Note that cross validation uses random folds, so the results are not necessarily
replicable.
"avg" calls \code{select_features} 10 times, computes the \eqn{\lambda} which
minimizes the loss for each iteration and then uses the median of these
values as the final value, for which the objective function is
minimized. \code{"min"} and \code{"1se"} carry out the cross validation just
once and \eqn{\lambda} is either the value, for which the cross-validated
error is minimized (option \code{"min"}) or the value, that gives
the most regularized model such that the cross-validated error is within
one standar error of the minimum (option \code{"1se"}).}

\item{seed}{A numeric value which is used as a local seed for this function.
Default is \code{seed = NULL}, so no seed is set.
Setting a seed leads to replicable results of
the cross validation, such that each call of \code{select_features} selects
the same columns.

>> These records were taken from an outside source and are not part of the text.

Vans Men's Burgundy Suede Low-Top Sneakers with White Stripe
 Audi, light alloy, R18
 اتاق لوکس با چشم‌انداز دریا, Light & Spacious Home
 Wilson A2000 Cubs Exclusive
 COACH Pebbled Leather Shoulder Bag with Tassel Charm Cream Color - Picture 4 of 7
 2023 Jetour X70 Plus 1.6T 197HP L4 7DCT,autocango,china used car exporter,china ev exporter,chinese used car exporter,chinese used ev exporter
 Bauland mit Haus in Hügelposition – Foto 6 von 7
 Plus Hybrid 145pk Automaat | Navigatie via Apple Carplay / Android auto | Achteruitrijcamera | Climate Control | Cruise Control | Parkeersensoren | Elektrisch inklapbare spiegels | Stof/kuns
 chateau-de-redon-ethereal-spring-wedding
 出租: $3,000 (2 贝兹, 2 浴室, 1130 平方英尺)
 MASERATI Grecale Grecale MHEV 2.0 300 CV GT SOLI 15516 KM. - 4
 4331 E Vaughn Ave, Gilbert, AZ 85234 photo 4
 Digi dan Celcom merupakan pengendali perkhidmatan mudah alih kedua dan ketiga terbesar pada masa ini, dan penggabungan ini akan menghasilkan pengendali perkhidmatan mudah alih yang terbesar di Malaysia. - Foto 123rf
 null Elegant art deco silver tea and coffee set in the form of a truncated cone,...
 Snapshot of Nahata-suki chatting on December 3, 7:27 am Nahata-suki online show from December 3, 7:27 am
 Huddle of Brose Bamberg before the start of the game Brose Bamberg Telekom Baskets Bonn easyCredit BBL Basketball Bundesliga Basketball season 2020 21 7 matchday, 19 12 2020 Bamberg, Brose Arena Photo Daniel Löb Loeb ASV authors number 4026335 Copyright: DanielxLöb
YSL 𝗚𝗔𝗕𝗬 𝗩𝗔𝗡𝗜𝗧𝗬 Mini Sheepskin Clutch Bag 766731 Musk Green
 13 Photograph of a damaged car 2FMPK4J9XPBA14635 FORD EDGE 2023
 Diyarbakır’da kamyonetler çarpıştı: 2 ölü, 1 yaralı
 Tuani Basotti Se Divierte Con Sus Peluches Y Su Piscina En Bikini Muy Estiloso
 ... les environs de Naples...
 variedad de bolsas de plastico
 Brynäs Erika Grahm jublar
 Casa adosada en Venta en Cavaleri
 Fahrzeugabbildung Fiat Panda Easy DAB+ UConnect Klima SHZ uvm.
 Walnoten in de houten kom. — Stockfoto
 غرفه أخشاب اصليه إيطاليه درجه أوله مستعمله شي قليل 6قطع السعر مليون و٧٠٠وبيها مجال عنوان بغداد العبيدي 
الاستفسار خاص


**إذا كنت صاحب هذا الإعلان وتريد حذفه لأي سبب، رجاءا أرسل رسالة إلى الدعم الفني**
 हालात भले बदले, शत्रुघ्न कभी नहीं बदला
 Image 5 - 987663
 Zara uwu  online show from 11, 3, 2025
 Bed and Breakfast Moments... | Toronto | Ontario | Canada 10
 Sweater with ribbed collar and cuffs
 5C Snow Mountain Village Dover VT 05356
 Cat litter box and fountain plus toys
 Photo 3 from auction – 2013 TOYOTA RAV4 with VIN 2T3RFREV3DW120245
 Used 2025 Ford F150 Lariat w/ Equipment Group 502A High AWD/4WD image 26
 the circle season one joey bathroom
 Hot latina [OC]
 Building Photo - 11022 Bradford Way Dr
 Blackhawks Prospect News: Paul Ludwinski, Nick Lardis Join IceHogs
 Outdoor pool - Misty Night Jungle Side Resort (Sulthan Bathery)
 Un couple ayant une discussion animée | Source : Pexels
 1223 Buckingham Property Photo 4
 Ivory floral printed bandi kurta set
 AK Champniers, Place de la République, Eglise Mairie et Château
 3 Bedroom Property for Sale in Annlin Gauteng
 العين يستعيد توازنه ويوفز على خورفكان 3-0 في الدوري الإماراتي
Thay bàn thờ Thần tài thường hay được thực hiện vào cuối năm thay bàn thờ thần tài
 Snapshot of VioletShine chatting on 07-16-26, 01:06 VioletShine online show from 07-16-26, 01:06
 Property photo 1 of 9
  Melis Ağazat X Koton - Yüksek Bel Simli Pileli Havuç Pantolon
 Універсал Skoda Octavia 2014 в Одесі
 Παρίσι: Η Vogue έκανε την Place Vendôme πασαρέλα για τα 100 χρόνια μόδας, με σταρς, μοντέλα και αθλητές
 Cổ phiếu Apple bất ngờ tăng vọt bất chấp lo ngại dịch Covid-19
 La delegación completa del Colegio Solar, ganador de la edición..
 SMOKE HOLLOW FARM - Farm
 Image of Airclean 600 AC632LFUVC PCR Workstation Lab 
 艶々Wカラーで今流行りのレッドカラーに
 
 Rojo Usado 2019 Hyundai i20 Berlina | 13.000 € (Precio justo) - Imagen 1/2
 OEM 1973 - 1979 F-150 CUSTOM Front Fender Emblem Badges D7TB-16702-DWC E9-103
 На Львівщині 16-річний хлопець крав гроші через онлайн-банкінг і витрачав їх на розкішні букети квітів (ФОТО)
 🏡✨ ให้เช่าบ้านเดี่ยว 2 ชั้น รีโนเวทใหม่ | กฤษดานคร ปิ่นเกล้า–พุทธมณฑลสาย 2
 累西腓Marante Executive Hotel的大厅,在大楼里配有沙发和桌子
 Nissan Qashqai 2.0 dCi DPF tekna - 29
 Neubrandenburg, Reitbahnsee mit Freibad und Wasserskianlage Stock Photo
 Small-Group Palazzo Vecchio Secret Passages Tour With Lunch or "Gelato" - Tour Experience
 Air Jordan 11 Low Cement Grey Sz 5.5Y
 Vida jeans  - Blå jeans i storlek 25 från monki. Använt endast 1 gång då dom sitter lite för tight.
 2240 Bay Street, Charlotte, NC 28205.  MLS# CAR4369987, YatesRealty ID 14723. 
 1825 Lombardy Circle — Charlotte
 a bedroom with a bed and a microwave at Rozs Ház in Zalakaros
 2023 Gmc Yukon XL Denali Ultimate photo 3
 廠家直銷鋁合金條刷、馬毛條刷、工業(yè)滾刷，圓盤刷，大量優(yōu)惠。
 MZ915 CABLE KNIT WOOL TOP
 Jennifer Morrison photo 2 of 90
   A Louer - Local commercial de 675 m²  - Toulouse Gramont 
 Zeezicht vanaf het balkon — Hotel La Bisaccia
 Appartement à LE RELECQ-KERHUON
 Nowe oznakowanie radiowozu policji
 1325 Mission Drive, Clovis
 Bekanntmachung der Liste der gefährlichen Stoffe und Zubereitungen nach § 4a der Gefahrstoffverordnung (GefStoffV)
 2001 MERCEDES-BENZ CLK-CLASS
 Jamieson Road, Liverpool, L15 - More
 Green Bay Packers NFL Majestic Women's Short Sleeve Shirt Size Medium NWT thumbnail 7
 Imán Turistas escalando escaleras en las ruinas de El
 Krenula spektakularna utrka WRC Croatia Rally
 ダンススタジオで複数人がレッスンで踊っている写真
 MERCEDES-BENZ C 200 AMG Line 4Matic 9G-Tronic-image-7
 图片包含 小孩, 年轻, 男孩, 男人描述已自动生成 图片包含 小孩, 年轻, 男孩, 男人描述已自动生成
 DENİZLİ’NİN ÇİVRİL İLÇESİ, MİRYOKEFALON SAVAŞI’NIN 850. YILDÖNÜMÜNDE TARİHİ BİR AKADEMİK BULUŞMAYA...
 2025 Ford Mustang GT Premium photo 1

If a seed is set, the option \code{lambda = "avg"}
yields the same results as \code{lambda = "min"}.}
}
\value{
An object of class \code{MetaNLP}, where the columns were selected
via elastic net.
}
\description{
As the document-term matrix quickly grows with an increasing number of abstracts,
it can easily reach several thousand columns. Thus, it can be important to
extract the columns that carry most of the information in the decision making
process. This function uses a generalized linear model combined with
elasticnet regularization to extract these features. In contrast to a usual
regression model or a L2 penalty (ridge regression), elasticnet (and LASSO)
sets some regression parameters to 0. Thus, the selected features are exactly
the features with a non-zero entry.
}
\details{
The computational aspects are executed by the \code{glmnet}
package. At first, a model is fitted via \link[glmnet]{glmnet}. The
elastic net parameter \eqn{\alpha} can be specified by the user. The
parameter \eqn{\lambda}, which determines the weight of the penalty, can
either be chosen via cross validation (using \link[glmnet]{cv.glmnet} or by
giving a numeric value.
}
\note{
By using a fix value for \code{lambda}, the number of features which should
be selected can easily be adjusted by the parameter \code{alpha}. The smaller
one chooses \code{alpha}, the more columns will still be present in the
resulting data frame, the higher one chooses \code{alpha}, the less
columns will be chosen.
}
\examples{
path <- system.file("extdata", "test_data.csv", package = "MetaNLP", mustWork = TRUE)
obj <- MetaNLP(path)
obj2 <- select_features(obj, alpha = 0.7, lambda = "min")


}